What are the potential impacts of climbing on Aboriginal cultural heritage values?
Grampians National Park and other areas such as Black Range, Mount Arapiles-Tooan, Red Rock and Mount Talbot, are deeply important cultural landscapes for Victorian Traditional Owners. They contain many important cultural places including the majority of surviving Aboriginal rock art sites in south-east Australia.
Protecting cultural heritage is not just fundamental for Aboriginal people’s identity and wellbeing, it is also important to all Victorians. It is a part of Victoria’s heritage – our shared story of how we have grown and evolved as a society. It can help us understand the past so we can prepare for the future and it can connect us to the past in profound ways that arise from the spiritual values of these places for Traditional Owners. Some Traditional Owners describe these places as their cathedrals.

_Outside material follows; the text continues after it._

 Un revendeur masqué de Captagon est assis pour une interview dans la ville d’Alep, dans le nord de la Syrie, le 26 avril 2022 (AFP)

Since 2013 about 40 rock art sites have been rediscovered in the Grampians, taking the tally in the area to about 140, which is about 90 per cent of all known such sites in Victoria. Some of these sites date back more than 20,000 years.
Aboriginal rock art can be clear and obvious, but some can be very difficult or impossible to see with the naked eye, although it may be visible with imaging technology. The same is true of other cultural places such as quarry places and places holding other cultural artefacts.
Rock climbing can result in damage to rock faces – and this precious cultural heritage including rock art - through use of bolts and chalk and from the weight of people putting pressure on small ledges causing pieces of rock to break away.